Podcasts are incredibly popular today; in fact, it can sometimes seem like every man and his dog has one. That being said, because of their popularity and the range in genres, topics and hosts, the market doesn’t feel saturated. A lot of businesses today choose to release a podcast because it can be a wonderful way to drive engagement. When they were first released, podcasts were exclusively audio files. However, today a lot of consumers prefer an accompanying video to go with their podcasts because they appreciate visual simulation too.
Video Podcasts Explained
A video podcast is rather self-explanatory; it is simply a podcast which has been filmed and includes a visual element alongside the audio. In most cases, they tend to take the form of a ‘fly on the wall’ video, and they are simply a video of the podcast recording process, although in some cases, they may be more elaborate with animated elements. Traditional podcasts may be more convenient in that listeners can tune in regardless of what they are doing, whereas a video podcast requires the focus of the watcher. However, this may also be a benefit because the user has chosen to watch the video; they are likely to be more engaged because consuming the content requires more of their focus.
Creating a Video Podcast
The nuances of creating your video podcast will largely depend on the format of the podcast. However, there are a few pieces of equipment that you will need as a standard. The three basic pieces of equipment that you will need are obviously a camera, a tripod and a microphone. Now, depending on the size of the podcast or the number of hosts or guests, you might need more than one. Filming the podcast isn’t necessarily enough; even if you choose to create a fly-on-the-wall podcast, you are still going to need to edit it. You will need some form of video editing software.
Video Podcast Formats
There are a few different formats that your video podcast could take. The format will need to make sense for you and your business. Regardless of the format, you will also need to think about distribution. Partnering with a business like Red Bee Media could be beneficial. You could choose to take an in-studio interview approach where a host and a series of guests (either one-offs or rotating) discuss topics. The studio could be professional or have a more relaxed vibe. If you cannot pull together a studio or if your guests or hosts cannot travel for whatever reason, then you could instead opt for a talking head format. This is essentially a screen recording of a video conference.

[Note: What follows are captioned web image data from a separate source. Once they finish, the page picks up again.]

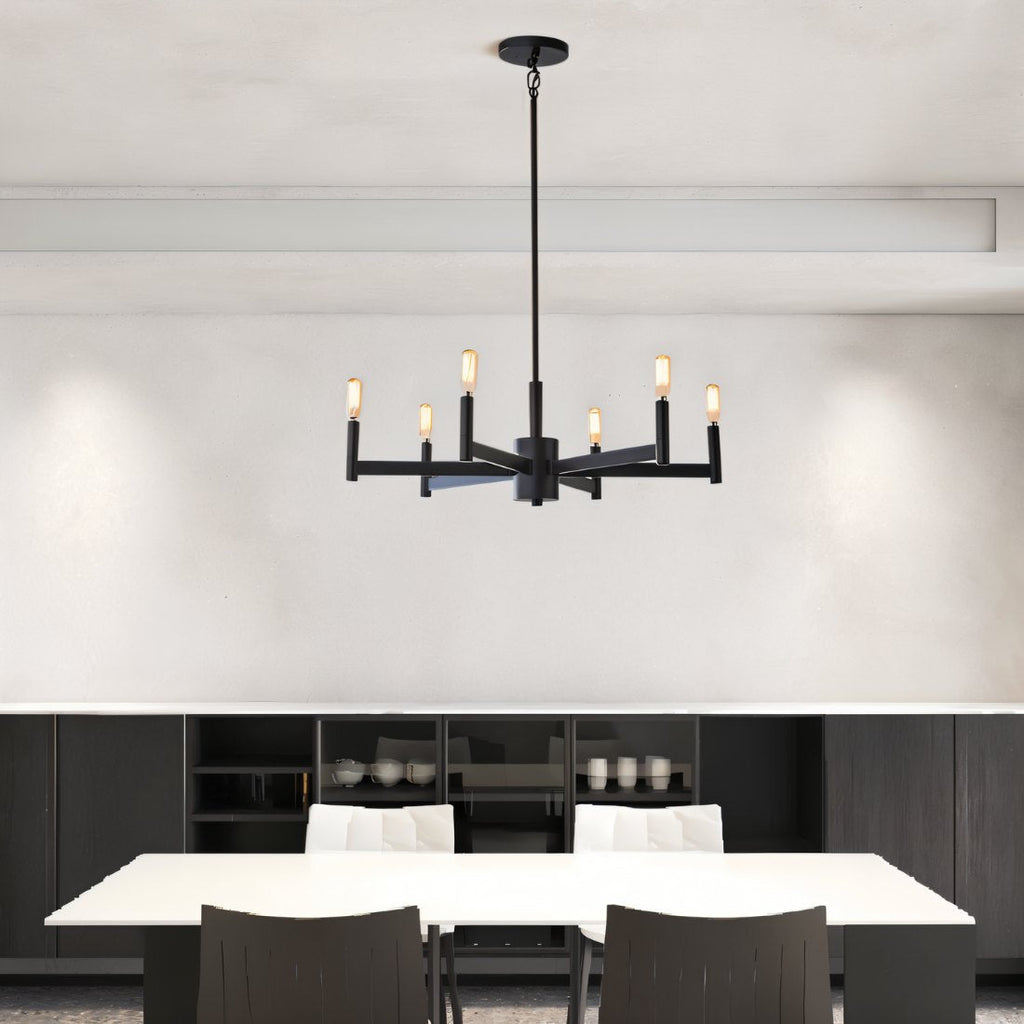 Clérachic six-arm black chandelier over a white dining table with dark chairs, in front of a low black sideboard.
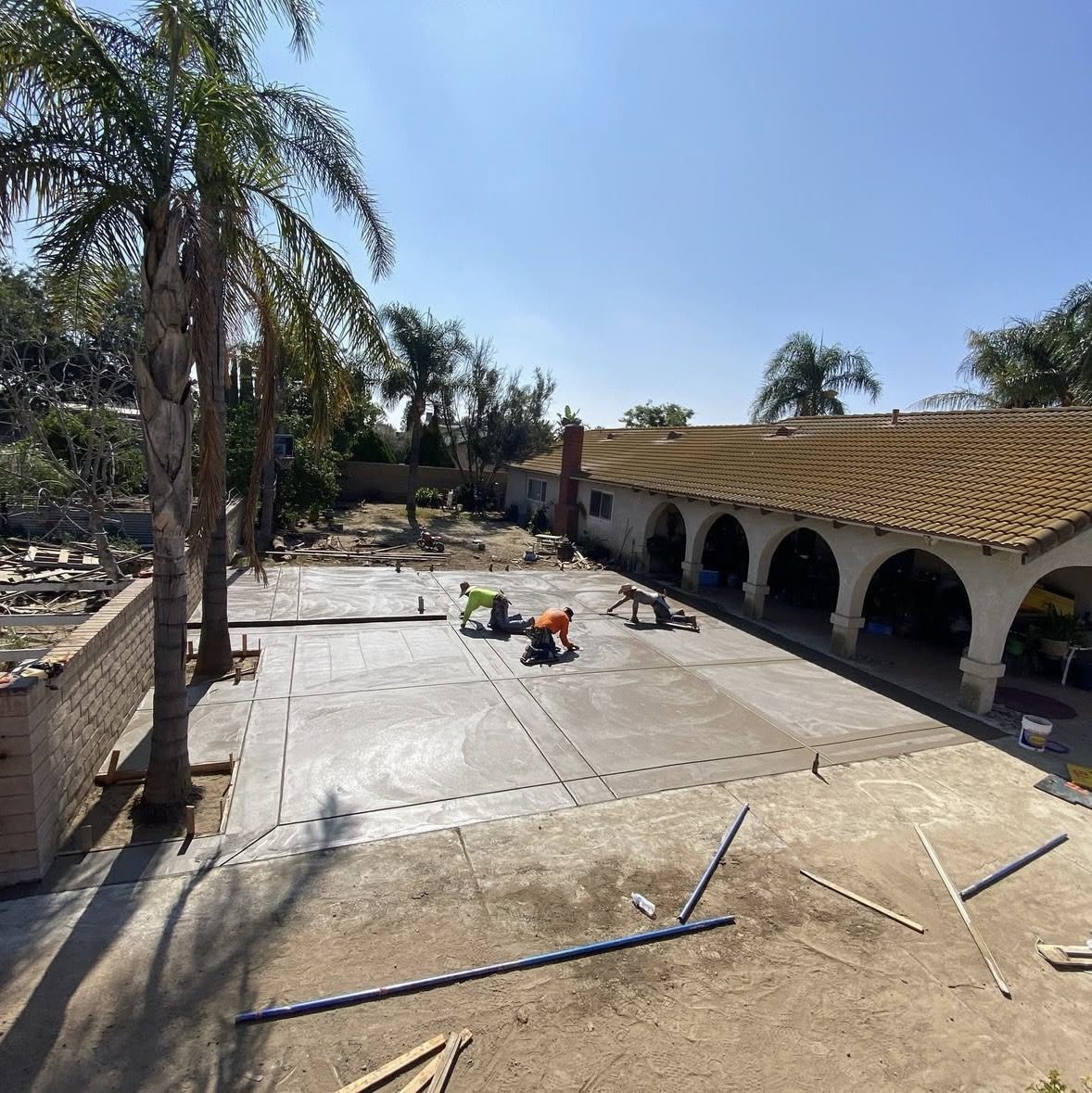 Crew hand-finishing a large backyard patio pour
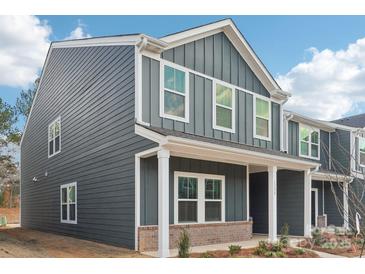 Two-story house with gray siding, white trim, and brick accents at 115 Ciara Pl # A, Mooresville, NC 28117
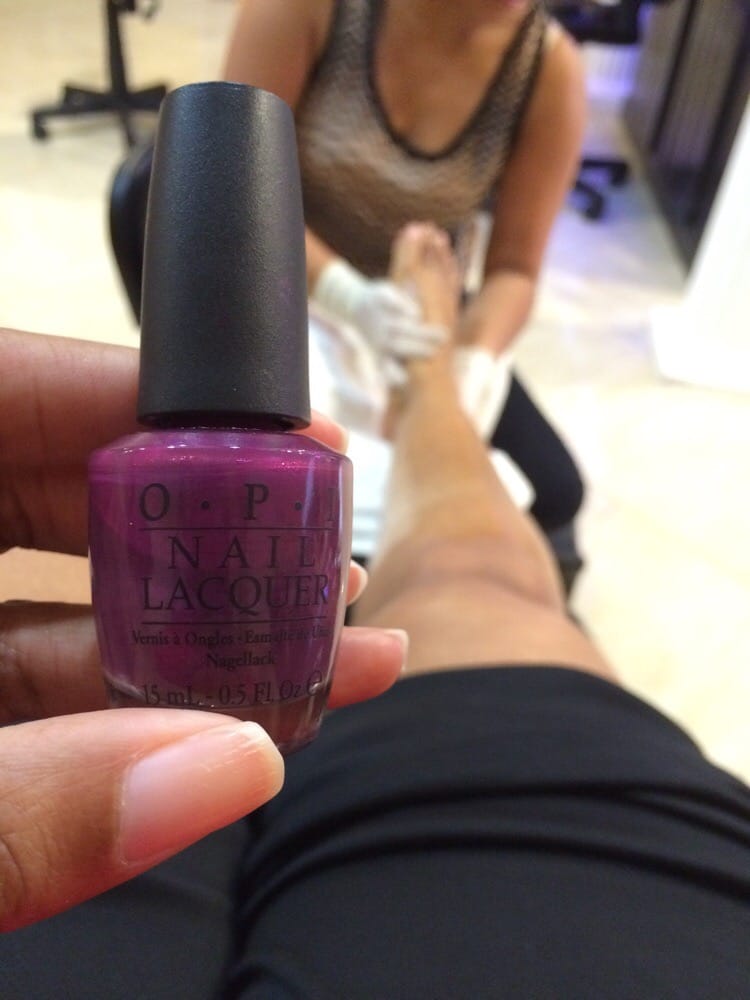 A bottle of magenta lacquer in our shop, a pedicure going on behind.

The static image format is the least involved. A recording of the podcast is played over an image or an animated image. They do allow you to post your podcast on different platforms, and they can be a great initial format while you dip your toe into the world of video podcasts, but they are not the most engaging. Footage and audio are other options. The audio is played over different images or footage, which often helps to outline or reinforce the topic of discussion. Finally, internal podcasts are essentially podcasts with a smaller audience, often produced for internal use by businesses.
Creating and launching a podcast doesn’t have to be particularly challenging; as long as you have a vision in mind and the right equipment, it is actually pretty straightforward. As a business, you obviously will already have a somewhat unique point of view, and as long as you present it in a compelling way, it will attract viewers.